Миновало еще с полчаса ничем не тревожимой тишины. Но вот Пашка Дедыко, обладавший хорошим слухом, приподнялся на локте, снял шапку, насторожился.

— Нияк спивають? — удивленно произнес он.

— Чего болтаешь непотребное? — недовольно пробормотал задремавший Плошкин, но тоже приподнялся и стал прислушиваться.

— Ей-богу, дядько Сидор! — перекрестился Пашка. — Спивають, но як-то чудно, не по-нашему, а як черкесы чи, мабуть, грузинцы спивають.

— Да-а, и мне тоже кажется, — неуверенно подтвердил Ерофеев. — Похоже, грузин поет. — И уже обрадованно: — Точно — грузин! Я слышал: они у нас на заводе выступали, грузины-то, песни пели и… танцы всякие. Хорошо выступали, да. С кинжалами.

Порыв ветра ослаб, перестали шептаться травы и кусты, замерли верхушки сумрачных пихт, и до слуха Плошкина донеслись гортанные звуки песни, то падающей вниз, то поднимающейся к облакам, будто песня эта пелась не человеком, а самими сопками, ярко освещенными солнцем.

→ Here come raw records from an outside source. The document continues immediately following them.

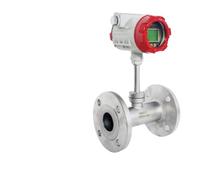 1pcs Thermal Mass Flow Meter 4-20mA/RS485 Output Flowes Measurement(DN50)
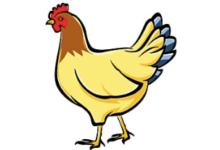 Benefits of Using Chicken Clipart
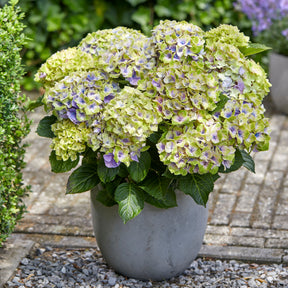 Bauernhortensie 'Jewel' - Willemse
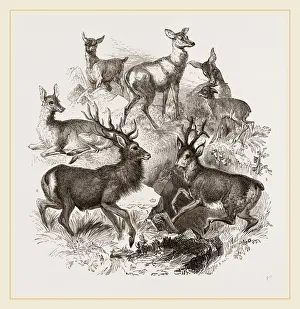 European Roe Deer Pictures Drucke: A Stag and the Roebuck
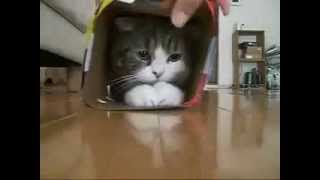 Cat Maru loves boxes, Котик - Мару любит коробки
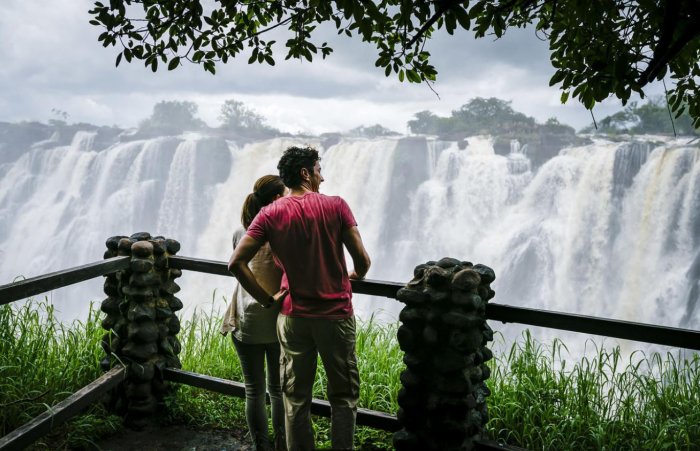 The Shots You Simply Have to Take During Your Southern African Safari 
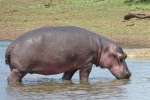 Hippo getting out of water at Pilanesberg National Park 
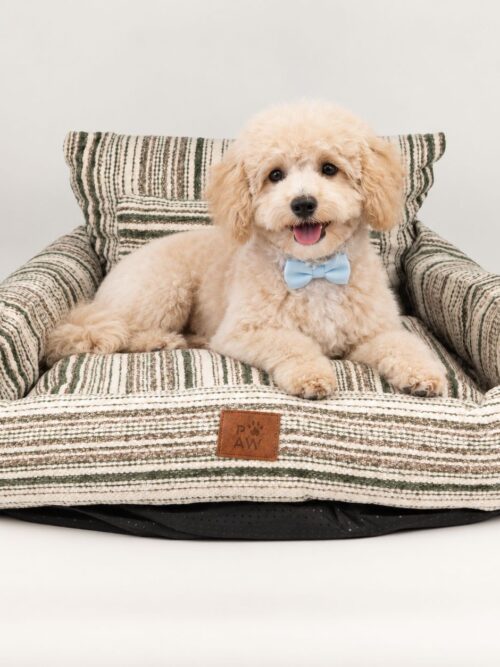 PAW Bed – Medium Sofa – Brown Stripes – 60 × 60 × 28cm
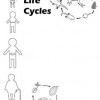 The Circle of Life.Life Cycles-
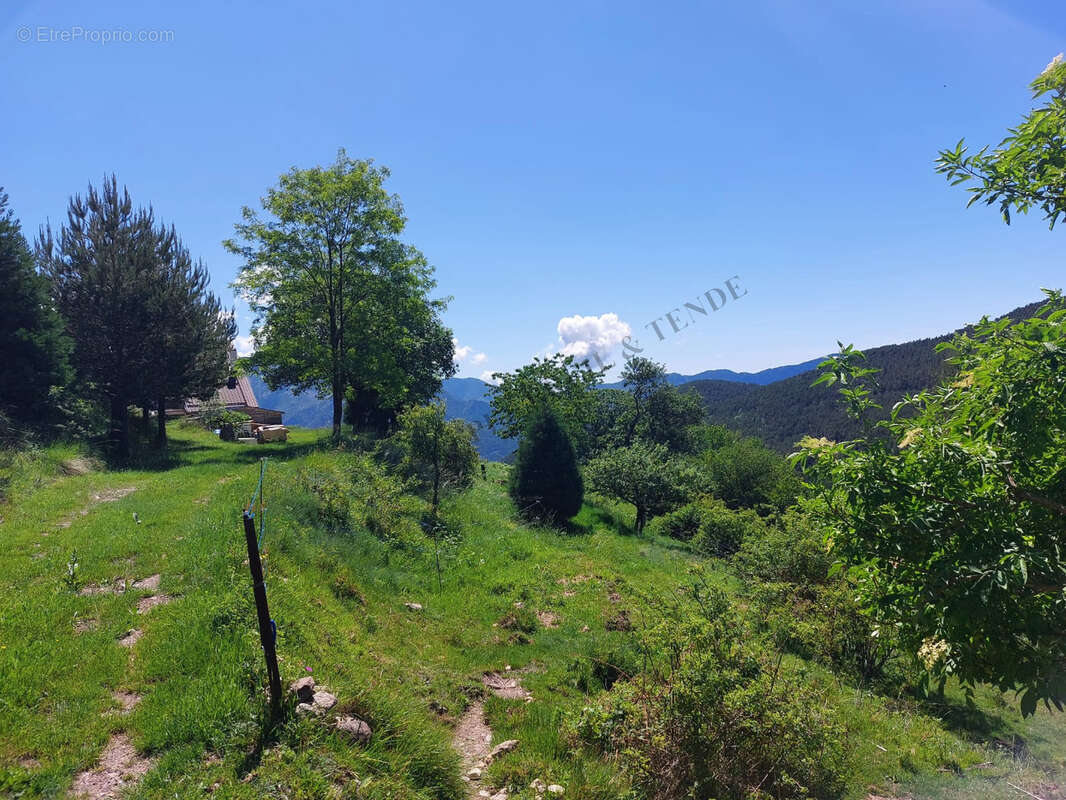 Vue panoramique - photo 36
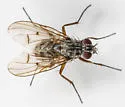 Phaonia atlanis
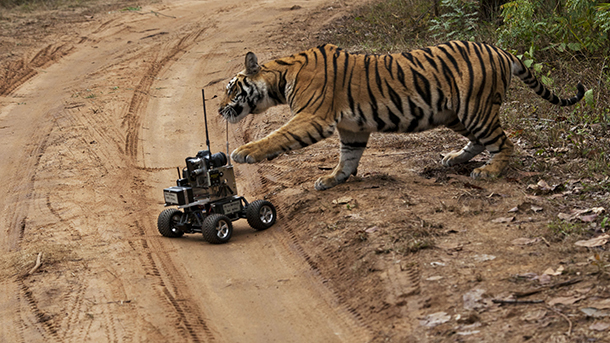 tiger and cam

Казалось, что песня рождалась в глубине ущелий и пропастей, вырывалась оттуда упругим и густым потоком, рассыпалась по зеленым полянам звонкими ручейками, вибрируя и стеная, и уносилась к облакам пронзительной свирелью.

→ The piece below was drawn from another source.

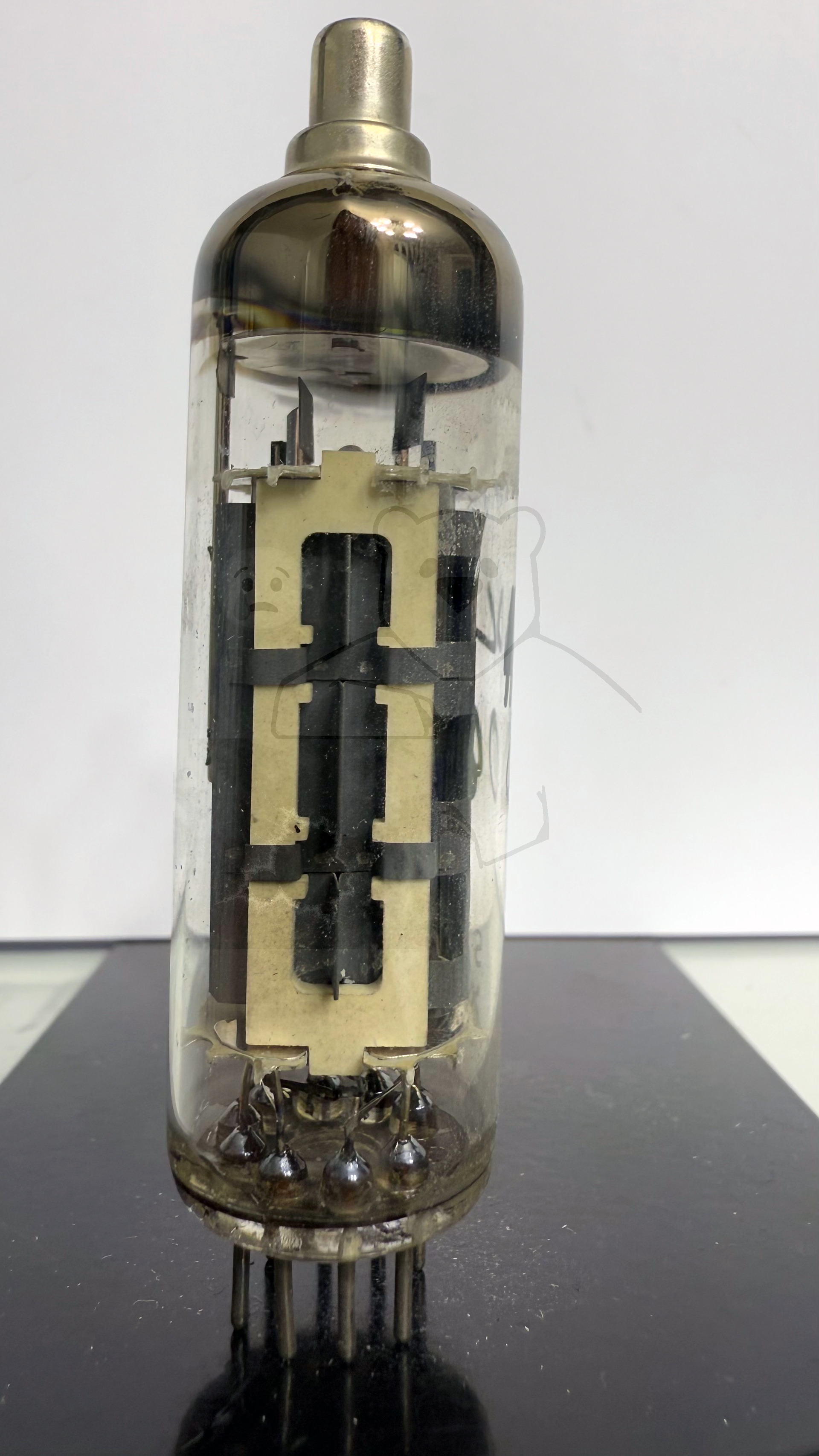 Röhre PL81 #0497 Bild 1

— Ишь ты, жив, однако, — покачал головой Плошкин. — А тожеть, коли поразмыслить, христьянская душа.

— Я так думаю, что это он нам знак подает, чтоб, значит, подождали его, — предположил Ерофеев и выжидательно глянул на Плошкина: Димке, рабочему человеку, всегда казалось, что чем больше людей, тем надежнее.

Но тут грохнул выстрел, близкий, оглушительный, — и песня оборвалась.

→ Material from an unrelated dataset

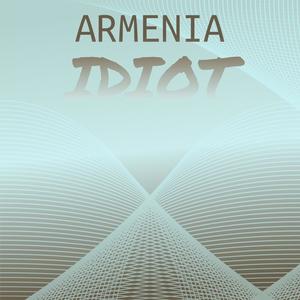 Armenia Idiot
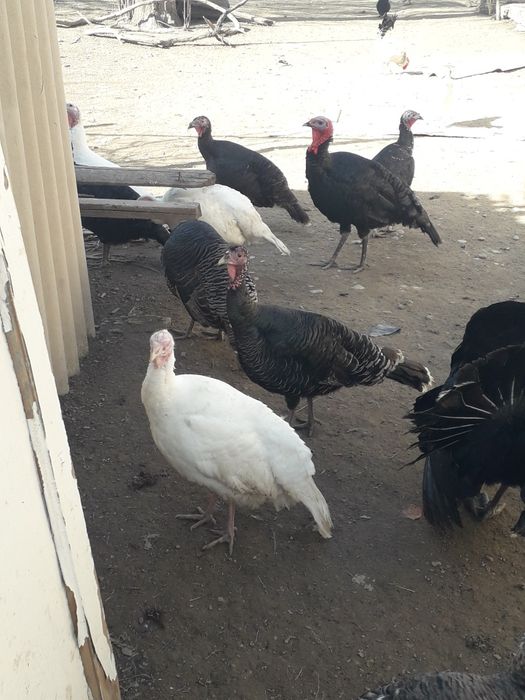 Индюки продаются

Все вскочили на ноги и стали вглядываться туда, где черной полосой, будто поясом, стягивала хребет старая гарь. Но отсюда ничего увидеть было нельзя.

— Все, отпелся Георгий, — произнес Плошкин, стащил шапку с седой головы, трижды осенил себя широким медленным крестом. — Царствие ему небесное, страдальцу. Приими, господи, душу раба своего и дай ей вечное успокоение.

Вслед за Плошкиным мелко перекрестился и Пашка Дедыко. Немного помедлив — и Ерофеев, который последний раз крестился лет десять назад — до того, как его приняли в комсомол.

Смерть придвинулась к беглецам так близко, что они уже ощущали ее своими измученными телами. Если несколько минут назад она не казалась им такой уж реальной, то теперь каждый из них представлял себе грузина, в предсмертном ужасе поющего песню, и Смерть, приближающуюся к нему вплотную медленными, неспешными шагами.

Что Смерть — это всего и почти всегда лишь обыкновенные люди, знал один только Плошкин, повидавший на своем веку эту Смерть в разных ее обличьях. Парням же она представлялась именно такой, какой ее изображают на картинках: безобразной старухой с зазубренной косой в когтистых руках.

Только сейчас каждый из них понял со всей очевидностью, что им от нее не уйти, как бы они ни торопились.